Transcribe the whole listing below without changing a word, but leave out every image.

(Beginning of Exercise data)

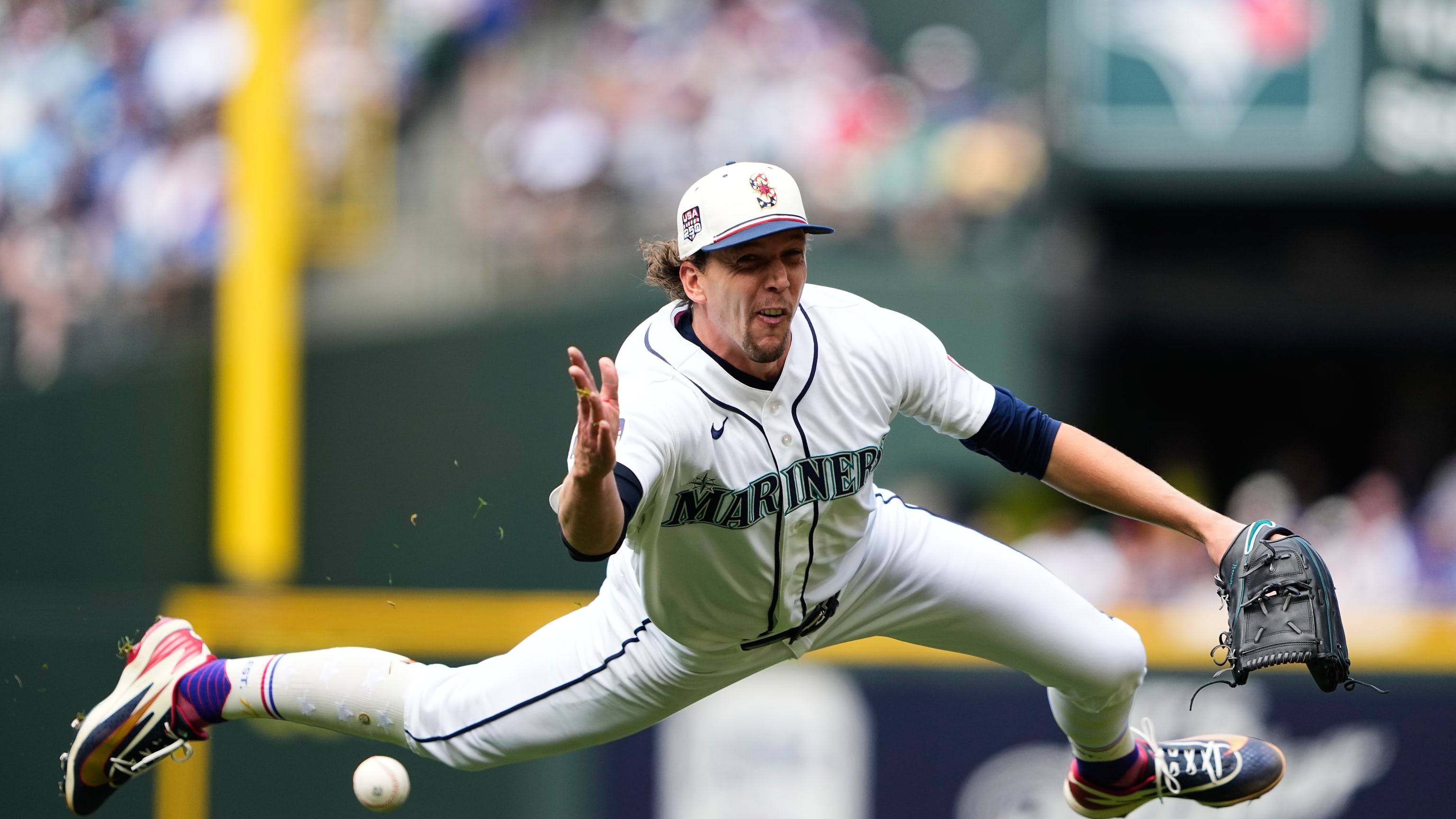 Logan Gilbert makes the great flip to first (Photo: MLB.com)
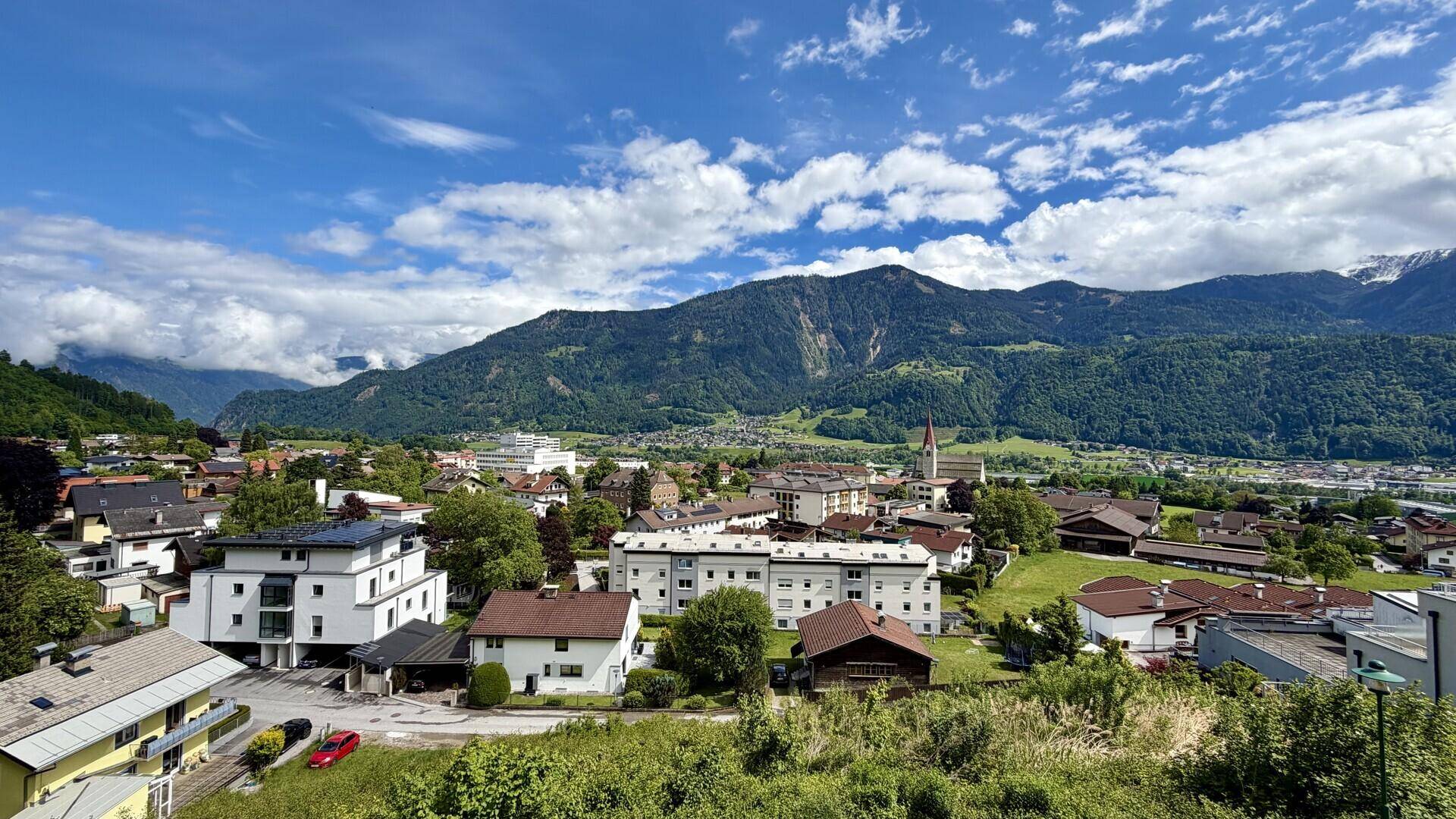 Weitläufiger Blick über eine malerische Stadtlandschaft mit grünen Hügeln und majestätischen Bergen im Hintergrund.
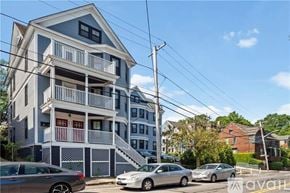 Providence apartment for rent - A two-story building with a balcony and a car parked in front.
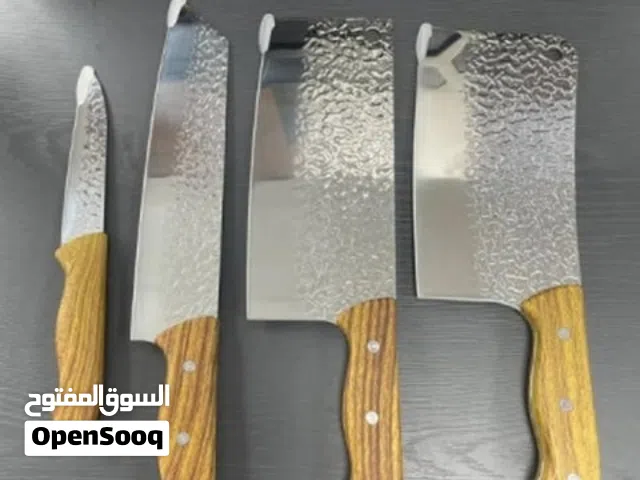 4-piece kitchen knife set featuring textured hammered blades and wooden handles.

(End of Exercise data)

- _Finished task_
 Logan Gilbert makes the great flip to first (Photo: MLB.com)
 Weitläufiger Blick über eine malerische Stadtlandschaft mit grünen Hügeln und majestätischen Bergen im Hintergrund.
 Providence apartment for rent - A two-story building with a balcony and a car parked in front.
 4-piece kitchen knife set featuring textured hammered blades and wooden handles.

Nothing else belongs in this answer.